More than two months on, the wounds of the bitter battle over a new five-year pay deal remain, with ACA president Greg Dyer using Thursday’s release of the union’s annual report to call for CA to review its behaviours and tactics during the troubled negotiations.
At the height of the affair it appeared unclear how senior administrators involved in the stoush could ever have healthy relationships with leading players or be invited into a dressing room again. But with England due to arrive in Australia by the end of the month, Warner says that is now behind them, with the focus for Steve Smith’s side squarely on the task of regaining the Ashes.
“We regret the way it was played out in the media,” the Test vice-captain said. “But we didn’t ask for a fight. We just stood up for what we believed in. That was a revenue-share model. We hope it never ever gets to that again. We’ve got another five years to deal with it now moving forward.
“We came to an agreement and both parties are satisfied now. We’ve moved on and we’re trying to concentrate on cricket and the Ashes.”
While an Australia A tour of South Africa was a casualty of the dispute the two-Test tour of Bangladesh in August and September also appeared in increasing doubt of going ahead as the impasse showed no sign of ending. It would have been a shame were it to have been called off given how competitive the series turned out to be, with Australia having to fight back from a surprise defeat in Dhaka to square it 1-1 in Chittagong.
“You saw the stance that the players had on it. We weren’t going to go on tour,” Warner said at Asics’ launch of the Australian team uniforms in Sydney.
“At the end of the day they came to an agreement and we ended up touring Bangladesh. But we were standing firm and strong and we believed in what we thought was right.”

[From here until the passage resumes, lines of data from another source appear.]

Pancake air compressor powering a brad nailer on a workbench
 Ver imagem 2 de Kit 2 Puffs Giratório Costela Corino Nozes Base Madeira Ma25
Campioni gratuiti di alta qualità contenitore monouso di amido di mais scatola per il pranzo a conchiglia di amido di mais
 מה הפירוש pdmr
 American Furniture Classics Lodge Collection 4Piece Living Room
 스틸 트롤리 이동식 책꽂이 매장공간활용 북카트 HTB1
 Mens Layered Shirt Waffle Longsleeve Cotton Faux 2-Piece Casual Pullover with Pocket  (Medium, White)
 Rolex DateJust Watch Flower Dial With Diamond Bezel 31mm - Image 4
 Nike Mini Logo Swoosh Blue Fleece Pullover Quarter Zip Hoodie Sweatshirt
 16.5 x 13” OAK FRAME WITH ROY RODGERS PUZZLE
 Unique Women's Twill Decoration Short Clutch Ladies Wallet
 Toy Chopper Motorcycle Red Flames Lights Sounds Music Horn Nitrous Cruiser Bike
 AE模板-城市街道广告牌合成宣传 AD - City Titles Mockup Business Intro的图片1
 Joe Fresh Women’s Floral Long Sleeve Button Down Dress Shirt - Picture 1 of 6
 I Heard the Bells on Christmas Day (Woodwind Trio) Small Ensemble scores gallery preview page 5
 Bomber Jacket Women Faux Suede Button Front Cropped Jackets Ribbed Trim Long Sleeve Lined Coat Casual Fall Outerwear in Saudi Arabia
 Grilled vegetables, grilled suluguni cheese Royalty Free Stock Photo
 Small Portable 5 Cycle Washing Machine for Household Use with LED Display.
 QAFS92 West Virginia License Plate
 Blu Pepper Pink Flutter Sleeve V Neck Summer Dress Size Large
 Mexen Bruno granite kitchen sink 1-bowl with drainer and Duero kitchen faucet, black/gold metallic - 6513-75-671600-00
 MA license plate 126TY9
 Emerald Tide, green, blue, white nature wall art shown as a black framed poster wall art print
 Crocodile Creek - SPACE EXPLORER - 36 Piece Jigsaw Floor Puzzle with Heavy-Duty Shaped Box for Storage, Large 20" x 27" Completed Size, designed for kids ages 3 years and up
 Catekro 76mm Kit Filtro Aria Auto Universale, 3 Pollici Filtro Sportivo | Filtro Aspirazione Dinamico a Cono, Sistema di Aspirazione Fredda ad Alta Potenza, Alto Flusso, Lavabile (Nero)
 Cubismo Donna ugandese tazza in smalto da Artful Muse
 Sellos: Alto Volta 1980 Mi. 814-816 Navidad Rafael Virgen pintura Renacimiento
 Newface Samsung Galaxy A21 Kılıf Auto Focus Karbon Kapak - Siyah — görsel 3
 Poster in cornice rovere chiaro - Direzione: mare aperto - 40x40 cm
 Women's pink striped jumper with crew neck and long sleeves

Fast bowler Josh Hazlewood, who also stood up for domestic players as they were about to fall out of contract, said it was fortunate in a way that more of Australia’s international commitments did not fall victim to the dispute.
“I think at that time there wasn’t as much cricket as other times throughout the year,” Hazlewood said. “We only missed an Australia A series, which is unfortunate for a couple of players who were sort of pushing for higher honours.
“It was an interesting time but we’ve obviously all moved on from it.”